Although the listing contains pictures, reproduce only its text, exactly as written.

Data under study: Begin

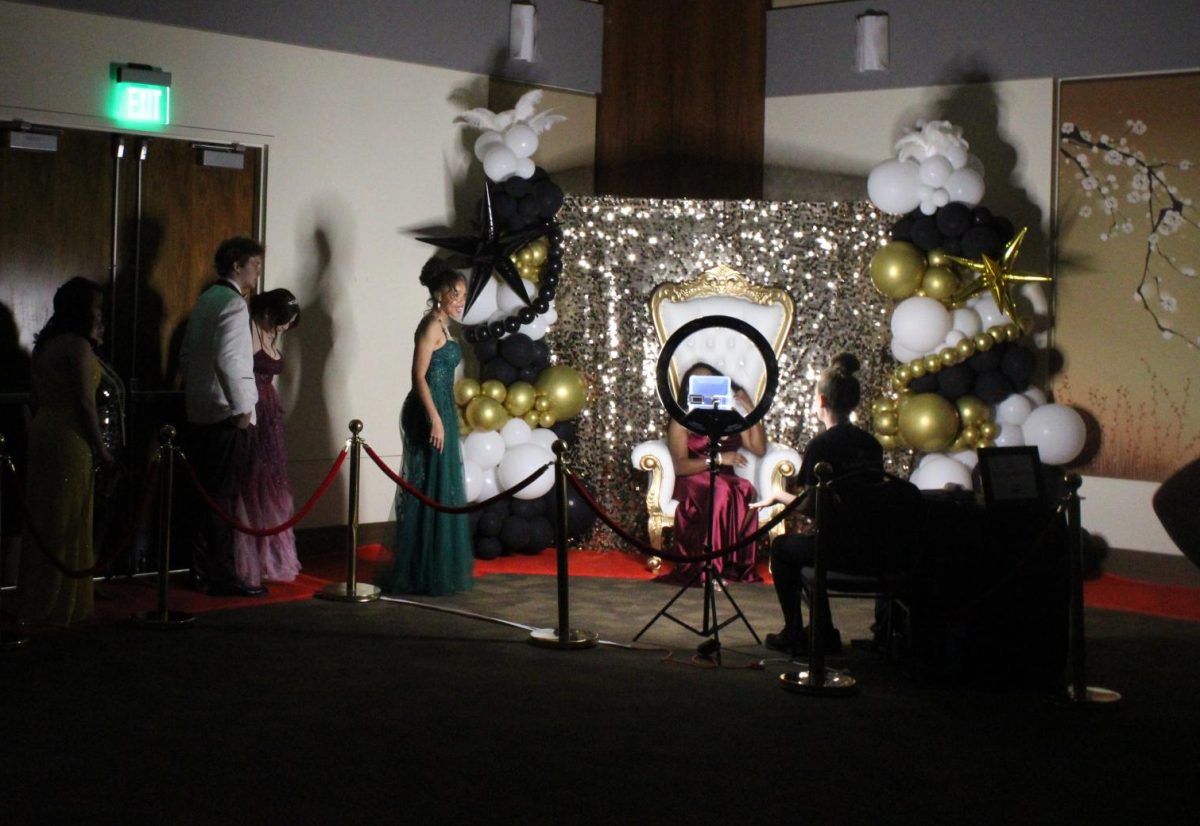 Prom participants wait in line to pose for photos in the “Great Gatsby Chair” in the ballroom of the Benton Event Center.
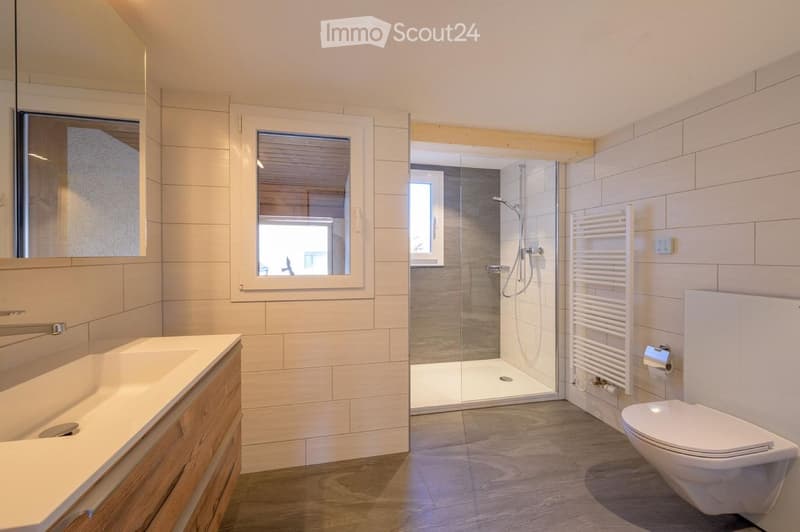 Modern bathroom with a white sink, toilet, glass-enclosed shower, and a white radiator. The walls are tiled in light beige, and the floor is wooden.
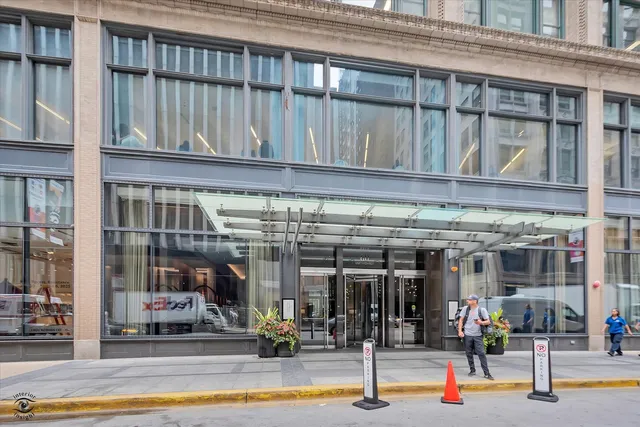 a view of building with glass door and door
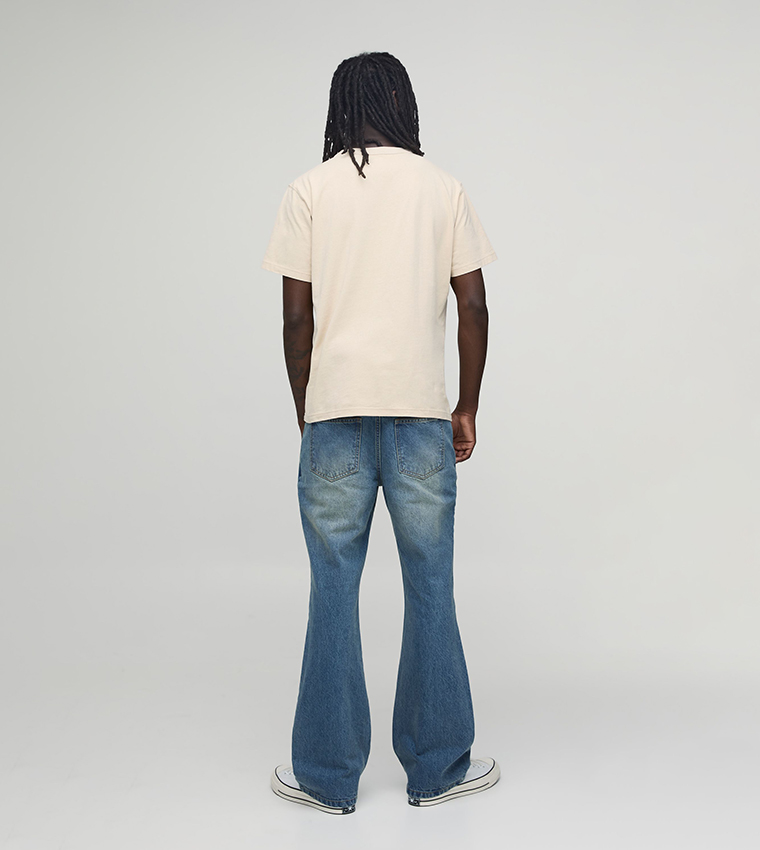 Washed Mid Rise Flared Jeans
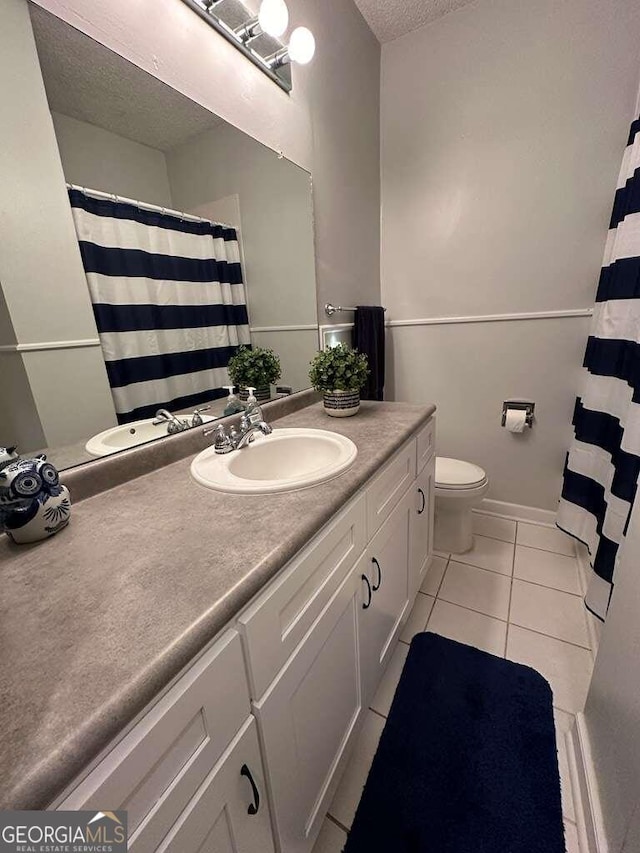 bathroom featuring a textured ceiling, tile patterned flooring, toilet, vanity, and baseboards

Data under study: End

Written answer =
 Prom participants wait in line to pose for photos in the “Great Gatsby Chair” in the ballroom of the Benton Event Center.
 Modern bathroom with a white sink, toilet, glass-enclosed shower, and a white radiator. The walls are tiled in light beige, and the floor is wooden.
 a view of building with glass door and door
 Washed Mid Rise Flared Jeans
 bathroom featuring a textured ceiling, tile patterned flooring, toilet, vanity, and baseboards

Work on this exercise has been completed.